Kevin Britten, Managing Director of TOP Recruitment Cambodia, says it doesn’t matter whether you’re applying for an IT, accounting or general management position. What matters is experience.

“Young Cambodians should find as good a company as possible and take any job in it.  Go by the reputation of the company. Even if you’re only making coffee, you’re learning.  You’ll be identified as someone who is inside the company who can grow with the company.

“Staff development is constant in a good company. Companies that don’t grow their staff lose them,” Britten said. Another important point is – be somebody who knows what they are doing around the office.

“People want to hire people who are good to have around the office. People hire people like themselves. Foreigner employers are looking for people who connect with that foreign wavelength – who aren’t obsessed with hierarchy and position and status – and who can ride through that and understand that, but can then go and behave in a foreign way and that’s required,” Britten said.

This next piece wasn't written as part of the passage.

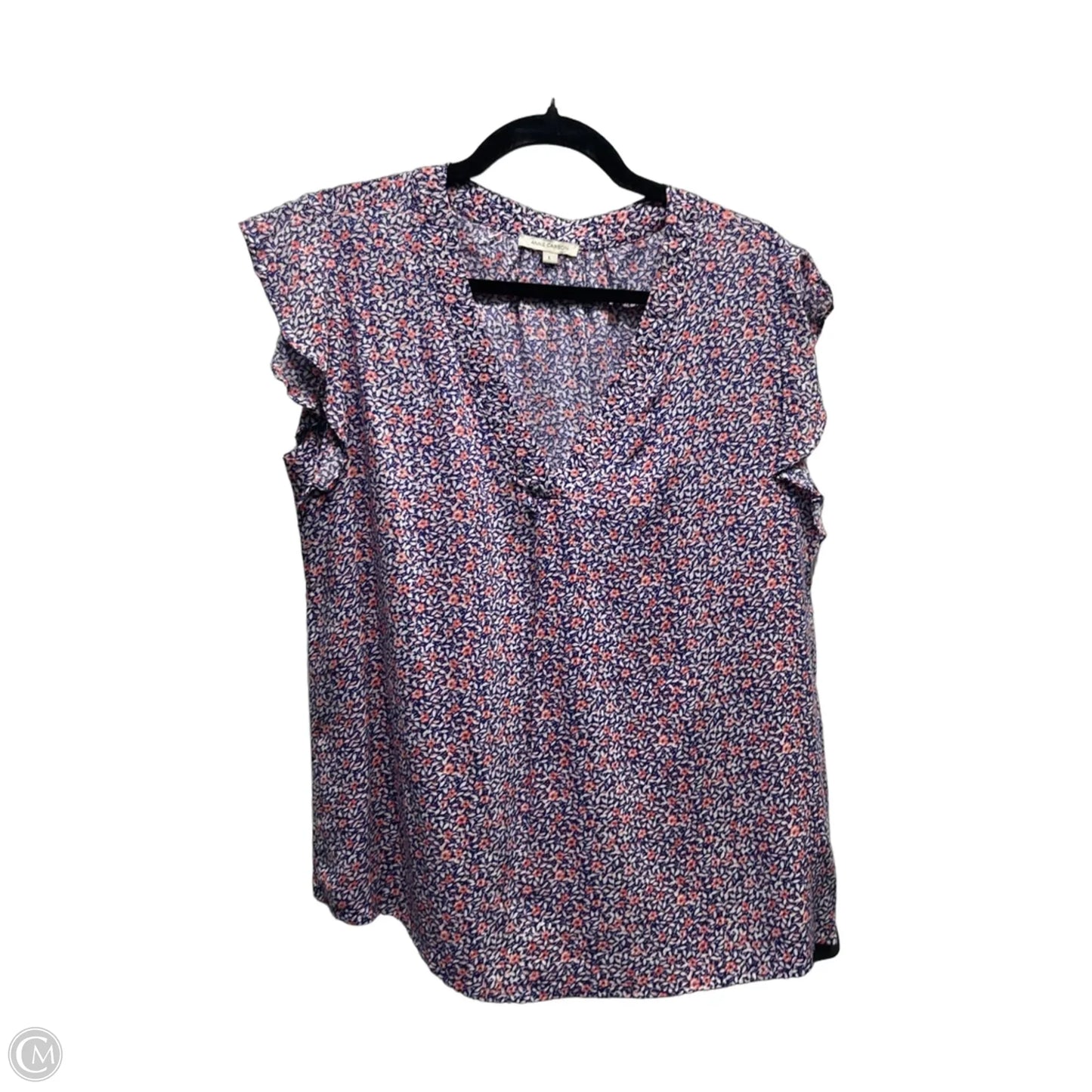 Top Short Sleeve By Anne Carson In Blue & Orange, Size: L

Interestingly, education is less important than experience in getting a job, according to Britten.

“One of the things that we are never asked is a list of education qualifications. If we present a candidate, very, very rarely will a client come back and say ‘this guy doesn’t have a degree so we can’t hire him’. That’s never happened.”

Britten says the best thing a young Cambodian can have to get a job is creativity, thinking for one’s self. He says that often in education, that’s not what’s asked of students – especially in traditional education systems.

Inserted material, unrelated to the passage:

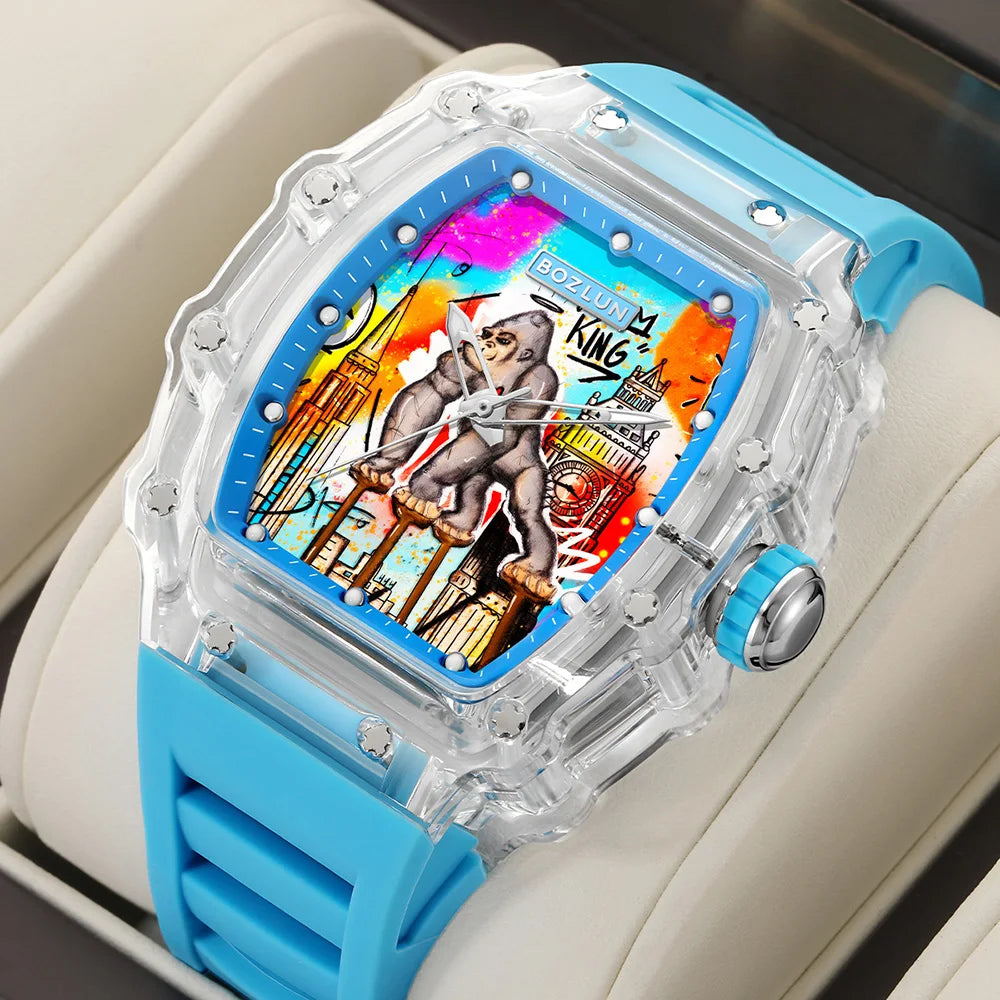 Bozlun Automatic Watch Octopus Comic Design Casual Sports Wristwatch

“Sitting quietly and soaking up the answer from the teacher is what you’re taught,” Britten said. “No employer needs that.

“We can’t place anyone who doesn’t have a job – so get a job, even if it’s making coffee, because you are learning what it is to get up and go to work, what office behaviour is like, what office systems are like. “Even if you are only tasked with carrying a piece of paper from point A to point B, you quickly learn that you are part of a bigger system.”

One hundred percent of Britten’s clients already have jobs and nobody is placed unless they have a minimum of three years of experience.

“We don’t touch anyone with less than three years experience,” he said.

According to the three years’ minimum of experience, Britten and his team, located in the Phnom Penh Center, advise their clients to stay in their jobs until they have the three years. “People need to work their way through the system. We regularly say to people ‘you should stay where you are’ because nobody will give you more than you’re getting now.

Or we say: ‘You have changed jobs three times in four years. I’m not going to present your CV to my client because he won’t believe you’ll stay’.”

Ninety-five percent TOP Recruitment’s customers are Cambodians – many of whom start with salaries of between US$150 to $200 per month.

“Within three to five years they will be up to $500 to $700 per month if they’re good,” Britten said.

Britten and his team are very careful to send the employer the kind of candidate he thinks will be the most successful.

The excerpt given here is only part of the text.